Salagnon venait s’asseoir à côté d’eux et dessinait leur visage, leur torse nu entouré de drap, leurs membres blessés bandés de blanc. Poser les soulageait, leur immobilité avait un but, et dessiner occupait. Il leur donnait ensuite le dessin qu’ils gardaient précieusement dans leur paquetage. Kaloyannis l’encourageait à venir souvent et lui fit délivrer par l’intendance du beau papier granuleux, des crayons, des plumes, de l’encre, et même de petits pinceaux souples qui servaient à huiler les pièces des systèmes de visée. « Mes blessés guérissent mieux quand on les regarde », disait-il à l’officier fourrier qui s’inquiétait de devoir donner le beau papier blanc des ordres officiels et des citations ; et il obtenait pour Salagnon de quoi dessiner, activité sans but bien clair qui étrangement intéresse tout le monde.
Sous la tente-hôpital Kaloyannis opérait, pansait, soignait ; il confiait aux infirmiers musulmans le soin de ces injections, qui si elles sont administrées avec tact, valent pour une prière des morts.

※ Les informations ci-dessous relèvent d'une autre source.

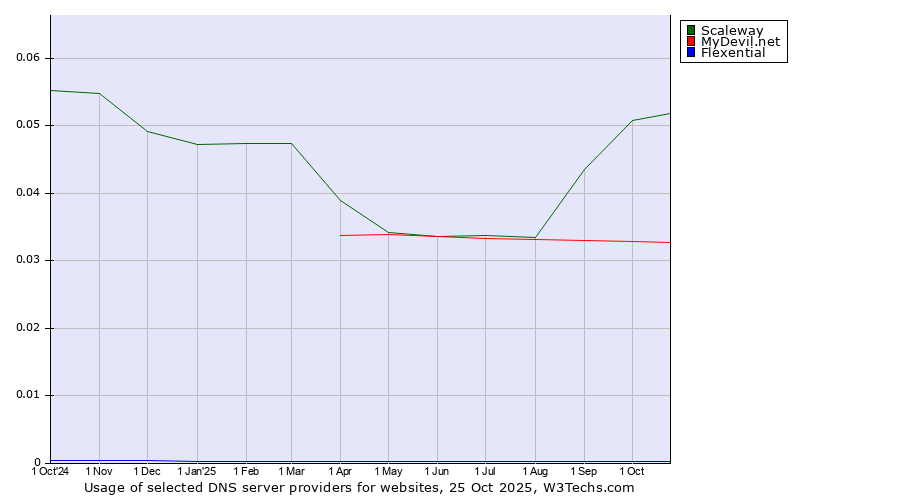 Historical trends in the usage of Scaleway vs. MyDevil.net vs. Flexential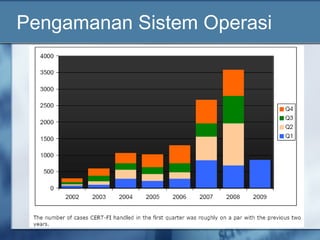Pengamanan Sistem Operasi
 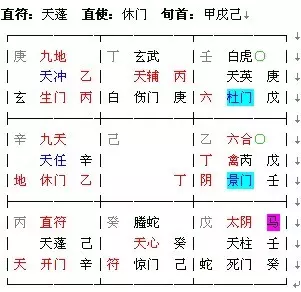 1、免費測試一生命運:免費一生運勢預測箅命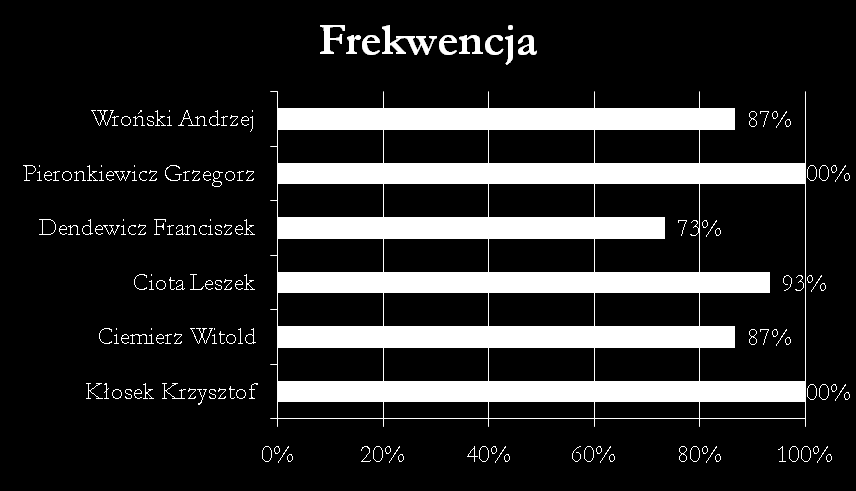 Skład Prezydium Zarządu PZZ i przydzielone funkcje Krzysztof Kłosek Prezes Zarządu Grzegorz Pieronkiewicz Wiceprezes Zarządu, Przewodniczący Komisji Zmiany Barw Klubowych Leszek Ciota Wiceprezes ds.
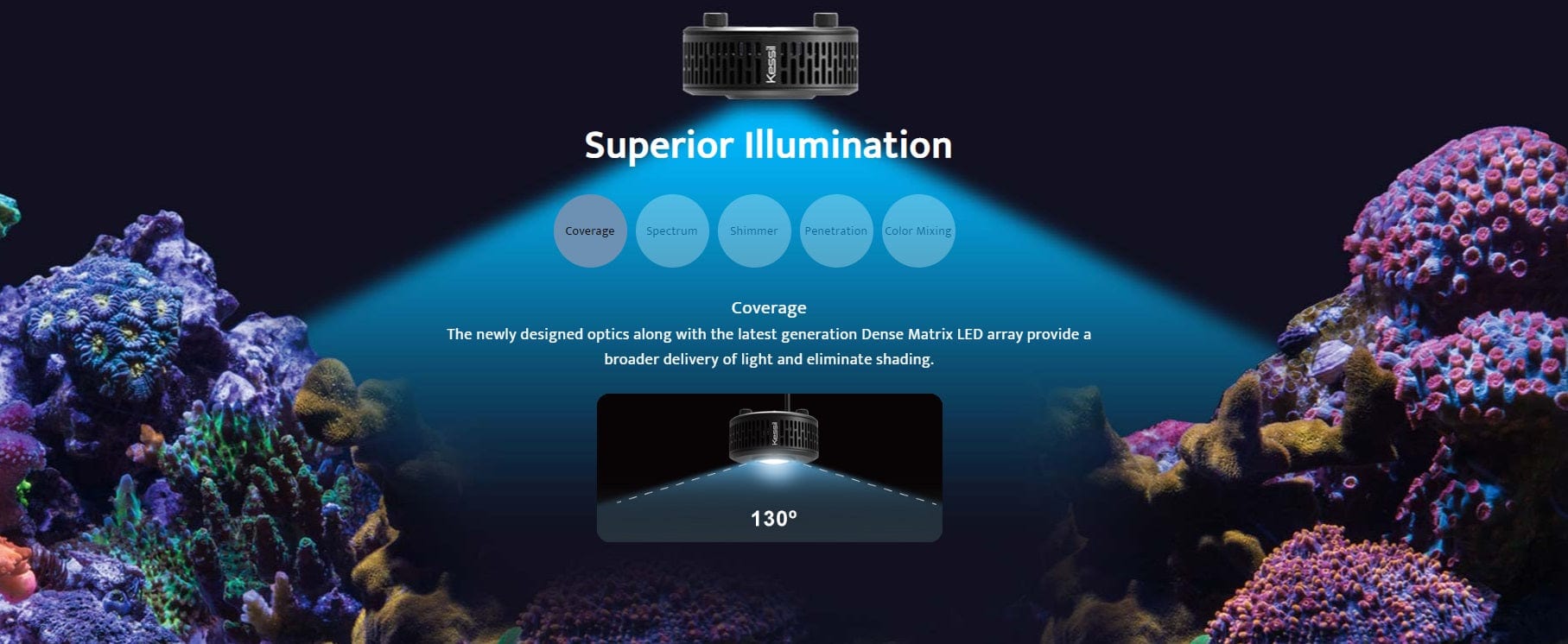 A360X - Tuna Blue- Kessil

Il s’était aménagé un coin de tente où il se reposait aux heures chaudes, bavardant avec quelques officiers, surtout des Français de France. Il se faisait servir du thé par Ahmed, qui sentait la menthe. L’aménagement se résumait à un tapis et des coussins pour s’asseoir, une tenture autour, et un plateau de cuivre posé sur une caisse de munitions ; mais quand le colonel eut franchi la tenture, il s’exclama avec une joie sincère : « Mais vous avez emporté un coin de là-bas ! » Et il repoussa en arrière son képi bleu ciel ; cela lui donna un air crâne qui fit sourire Kaloyannis.
Le colonel revint souvent dans le salon maure du docteur, avec des maquisards désœuvrés et surtout Salagnon. Ils buvaient du thé, appuyés sur les coussins, ils écoutaient le bavardage de Kaloyannis qui aimait rien tant que parler. Il habitait Alger, ne sortait guère de Bab el-Oued, et ne connaissait pas du tout le Sahara ; cela semblait rassurer le colonel qui ne raconta de sa vie d’avant que de sommaires anecdotes.
Salagnon dessinait Eurydice et elle ne se lassait pas d’être ainsi regardée. Kaloyannis attentif couvait sa fille d’un air de tendre admiration, et le colonel silencieux mesurait le tout de son œil aigu. Dehors, aux heures chaudes, le paysage ne se voyait plus, écrasé d’un énorme soleil blanc ; les bords relevés de la tente laissaient passer de petits courants d’air qui soulageaient la peau en soufflant sur la sueur. « C’est le principe des tentes bédouines », disait le colonel. Et il se lançait dans l’explication ethnographique et physique de ces tentes noires en plein désert, dont il allait sans dire qu’il les avait personnellement fréquentées ; sans dire. Kaloyannis s’amusait, il prétendait n’avoir jamais vu de bédouins, et même ne pas savoir si l’Algérie en abritait. Il n’avait jamais fréquenté d’Arabe que dans la rue, à part Ahmed et ses infirmiers, et il ne pouvait, comme exotisme, que raconter des histoires de petits cireurs de chaussures. Et il les racontait. Par la grâce de sa bonhomie et de sa verve on était ailleurs.